Profiling

February 13, 2026 · View on GitHub

In slime, we can perform detailed performance analysis of the rollout process using the profiling interface provided by SGLang.

1. Sleeping the Rollout Process

For more flexible stress testing and profiling, it is often useful to make the slime rollout process enter a waiting state after initialization, instead of starting generation immediately.

You can achieve this by replacing the rollout_function_path in your startup arguments without modifying the source code:

python train.py \
    --rollout-function-path slime.rollout.sleep_rollout.sleep \
    ... (other arguments)

This function will make the rollout process enter an infinite wait loop, allowing you to manually send requests or run stress testing tools.

2. Obtaining SGLang Engine List

SGLang engines (workers) are registered with the router.
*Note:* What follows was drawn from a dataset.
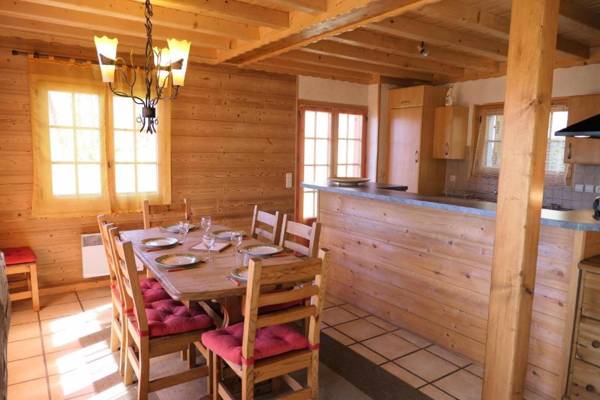 Chalet Granier - Chalets pour 6 Personnes 34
You can retrieve the list of all active engines by accessing the /workers endpoint of the router.

The router address is typically printed in the startup logs:

Router launched at 127.0.0.1:3000

You can use curl to view the workers:

curl http://127.0.0.1:3000/workers

3. Using Automated Profiling Tool

To simplify profiling across multiple engines simultaneously, we provide an automated script: tools/profile_rollout.py.

Starting Profiling

By default, this tool starts profiling on all workers and will automatically stop after 3 steps:

python tools/profile_rollout.py --router-url http://127.0.0.1:3000 --action start --num-steps 3

Key Parameters:

--router-url: The URL of the Router.
--num-steps: Number of steps to record, defaults to 3.
--output-dir: Directory where trace files will be saved.
--activities: Activities to monitor, e.g., GPU CPU.
--profile-by-stage: Whether to profile by stage (prefill/decode).
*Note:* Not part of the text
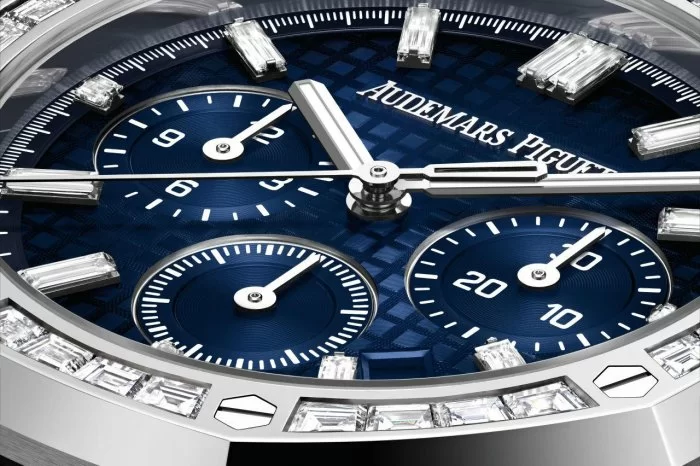 【 新錶介紹】Audemars Piguet﹒2023愛彼新作｜靚色必選 Royal Oak全新Deep Blue藍色錶盤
Stopping Profiling Manually

If you did not set num_steps or wish to stop early:

python tools/profile_rollout.py --router-url http://127.0.0.1:3000 --action stop

4. Running Stress Tests

While the Rollout process is in a waiting state via sleep_rollout, you can:

Start profiling using tools/profile_rollout.py.
Use stress testing tools (such as SGLang's built-in benchmark tools) to send requests to the router or directly to the engines.
Wait for profiling to complete (if num_steps was set) or stop it manually.
Collect the .json trace files from the output_dir and view them using chrome://tracing in Chrome or Perfetto.